照明の程よい暗さ、テーブル間の十分なスペース、それから天井から降りているおしゃれな装飾が相まって良いムードを醸し出していた。
その頃、青年と女性は赤ワインを口にしていた。
「ご予約いただいたコース料理のどれもが美味しいですね。このような素敵なお店に連れてきてくださり、ありがとうございます。」
雰囲気はよい――。会話も途切れることなくテンポよく続いている――。
青年はごくりと唾を飲み込んだ。今日話すべきあの件について切り出すべきタイミングを完全に見失っていたが、アルコールが程よく回り、酔いの力がほんの少しだけ彼の背中を押したことをよいことに、彼女に伝える意を決した。
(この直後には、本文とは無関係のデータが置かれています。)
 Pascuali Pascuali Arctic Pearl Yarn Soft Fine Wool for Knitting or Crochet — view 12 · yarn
「あの、Sachiさん…………。Sachiさんといる時間はとても楽しく、わくわくするもので、もっとあなたのことを知りたいと思っています。こんな僕で何なんですが、もしよろしければお付き合いしていただけませんか…………?」
青年にとってはこの時間が最も長く、そして恐ろしいものに感じた――。
「………………。」
彼女の唇は動くことがなかった。そして、何やらうつむき加減で、視線は右下の方角を向いていた。
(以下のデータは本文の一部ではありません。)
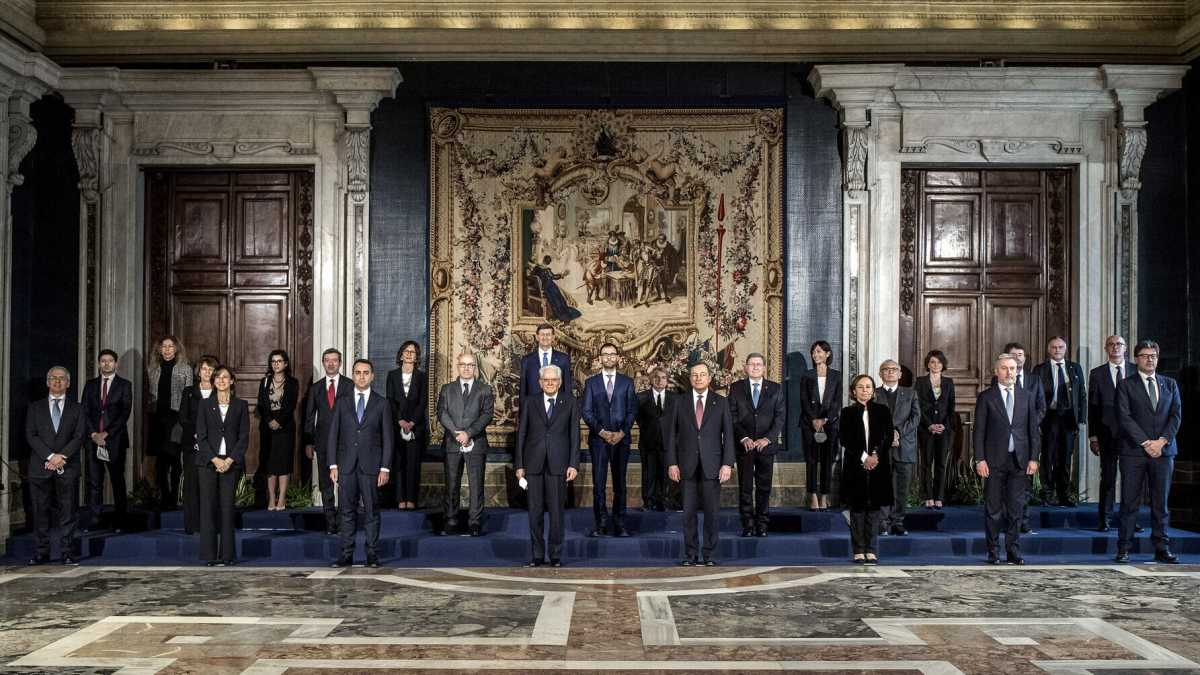 Immagine di Anatomia del governo Draghi in una foto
青年は必死に考えていた。『まだ出会ったばかりで交際は早いですよね』とか、『すみません、お返事は今すぐにというわけではないので、また今度教えてください』とか、『交際という形に捉われず、これからも友達としてお付き合いできると嬉しいです』とか。この後に続けるべき、至って平和的な着地点へ到達するために必要なフレーズを。
数秒ほどの沈黙が続いた――。
「あの………………。もし私と交際してくださるということでしたら、1年以内の結婚を前提としたお付き合いとさせていただけませんか…………?」彼女は先ほどからの姿勢を少しも変えないままそう言い放った。そして、それを言い終えると、ちらりと彼の方へ視線をやった。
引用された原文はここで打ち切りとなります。